Fotos: Claudia Blake
Fotos: Claudia Blake

WIE ALLES BEGANN – MEIN WEG MIT THE WORK

Ich stolperte 2015 in einem Vortrag über "The Work" und fühlte mich sofort angesprochen. Also kaufte ich mir Byron Katies Standardwerk "Lieben was ist", las mich ein und fing einfach an. Ich workte über stressige Situationen in meinem Alltag und war verblüfft, welche Veränderungen ich erleben durfte. Ich fühlte mich entspannter und nahm wahr, dass ich gelassener wurde. Meine Beziehungen verbesserten sich, irgendwann stellte ich fest, dass ich viel mehr lachte. Auch die ständige Selbstkritik nahm ab. Ich mag Dinge, die funktionieren. Also blieb ich dran. Lange Zeit workte ich, weil sich mein Leben verbesserte. Heute worke ich, weil ich es liebe mich selbst zu erforschen. Jede Work ist wie eine Umarmung, die ich mir selbst schenke. Und auch das Wort "Selbstbewusstsein" hat für mich eine neue Bedeutung bekommen. Wenn ich meine Gedanken überprüfe, werde ich mir meiner Selbst mehr und mehr bewusst.

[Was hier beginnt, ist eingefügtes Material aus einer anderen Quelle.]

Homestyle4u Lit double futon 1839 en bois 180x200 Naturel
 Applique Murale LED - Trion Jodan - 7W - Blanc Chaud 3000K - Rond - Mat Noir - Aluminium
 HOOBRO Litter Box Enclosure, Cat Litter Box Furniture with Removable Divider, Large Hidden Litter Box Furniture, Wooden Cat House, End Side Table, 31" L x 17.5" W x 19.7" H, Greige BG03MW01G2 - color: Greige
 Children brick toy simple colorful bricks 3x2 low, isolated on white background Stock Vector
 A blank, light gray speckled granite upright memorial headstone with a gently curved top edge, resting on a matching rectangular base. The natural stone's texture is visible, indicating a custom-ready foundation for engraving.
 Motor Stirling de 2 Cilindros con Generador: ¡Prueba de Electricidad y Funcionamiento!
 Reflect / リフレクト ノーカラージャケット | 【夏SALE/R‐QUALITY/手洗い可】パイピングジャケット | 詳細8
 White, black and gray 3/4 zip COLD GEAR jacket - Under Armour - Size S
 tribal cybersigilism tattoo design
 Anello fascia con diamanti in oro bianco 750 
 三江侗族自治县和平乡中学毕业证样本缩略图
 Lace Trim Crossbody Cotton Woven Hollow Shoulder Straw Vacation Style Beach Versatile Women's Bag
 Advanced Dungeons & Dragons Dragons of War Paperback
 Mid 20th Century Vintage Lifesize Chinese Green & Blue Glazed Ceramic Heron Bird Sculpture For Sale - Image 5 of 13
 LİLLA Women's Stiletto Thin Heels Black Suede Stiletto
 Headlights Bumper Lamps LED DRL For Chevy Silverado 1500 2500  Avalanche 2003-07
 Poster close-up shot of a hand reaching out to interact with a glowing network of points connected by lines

Und das ist ein Prozess, den ich als sehr liebevoll empfinde und für den ich sehr dankbar bin.

 

Heute unterstütze ich vor allem Frauen und Mütter dabei einschränkende Glaubenssätze und Muster hinter sich zu lassen. Wie ich das mache? Ich zeige ihnen, wie sie mit The Work arbeiten und durch mein Vorleben erfahren sie, wie wirkungsvoll es ist, sich diese Zeit für sich zu nehmen. Und wie wichtig es ist, für sich selbst etwas zu tun und nach innen zu gehen. Der Schlüssel für Veränderung liegt in uns selbst. Niemand anderer kann ihn uns geben. Mit "The Work" zeige ich meinen TeilnehmerInnen eine der Türen, durch die sie gehen können, um ihn zu finden.